Por trás do debate do ajuste fiscal, há uma questão de fundo importante:
qual deve ser o tamanho do Estado brasileiro e de sua carga tributária?
Por um lado, é comum os brasileiros reclamarem que pagam muitos
impostos. De outro lado, há uma demanda na sociedade, que foi
consolidada na Constituição de 1988, por benefícios sociais e serviços
públicos gratuitos de qualidade.
A redução dos impostos implica em ter um Estado menor. Já o
fornecimento de benefícios sociais e serviços públicos exige um Estado
maior e, portanto, uma carga tributária mais alta.
O problema do governo é que para reduzir ainda mais os gastos públicos
e não aumentar terá que reduzir o gasto social e aí ele mesmo cria uma
nova injustiça. Entretanto, há espaço para cortar, desde que a
ineficiência do Estado brasileiro seja reduzida, em todos os níveis:
municipal, estadual e federal.
4
Mas em uma coisa ambos concordam: a situação fiscal está ruim, mas o
Brasil está muito longe de virar uma Grécia. A dívida bruta brasileira está
hoje em 65% do PIB, enquanto a grega supera 160% (Nota 2).
O problema é que o Brasil paga juros muito altos - e a taxa básica Selic
vem sendo elevada ainda mais para tentar conter a inflação.

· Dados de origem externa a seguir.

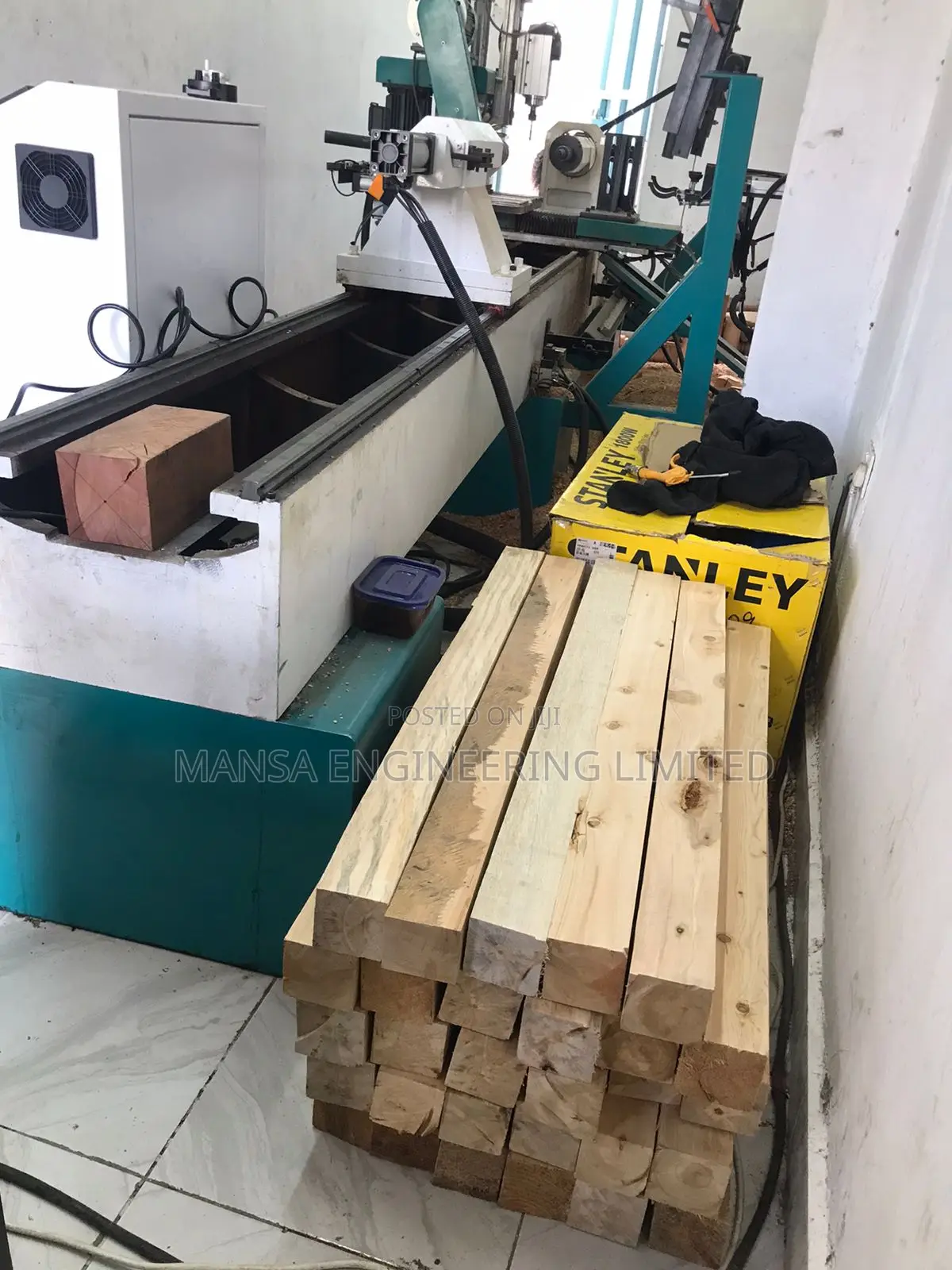CNC Wood Lathe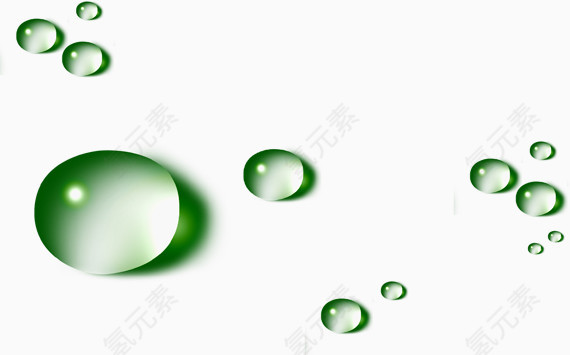 绿水滴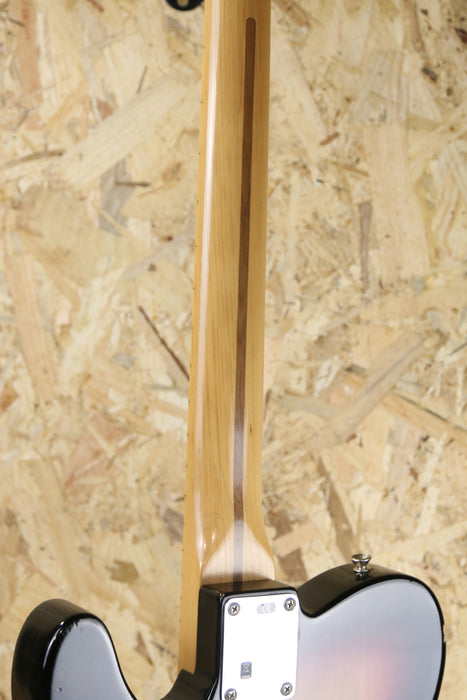 2006 Fender Highway One USA Standard Telecaster in 3 Tone Sunburst w/Maple Neck - Pre-owned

Não há comparação do problema fiscal brasileiro com o problema
enfrentado em alguns países europeus nos últimos anos. Mas quanto
mais a gente adia a hora de enfrentar esse problema, maior o custo
econômico e social.
Notas:
(1) Esses valores disponibilizados pelo Banco Central são correntes, ou
seja não são atualizados pela inflação. Isso vale tanto para o valor da
dívida quanto para o valor do PIB usado no cálculo.
(2) A dívida líquida é a diferença entre os débitos e os investimentos do
setor público, enquanto a dívida bruta (indicador mais usado para
comparações internacionais) é o valor total da dívida.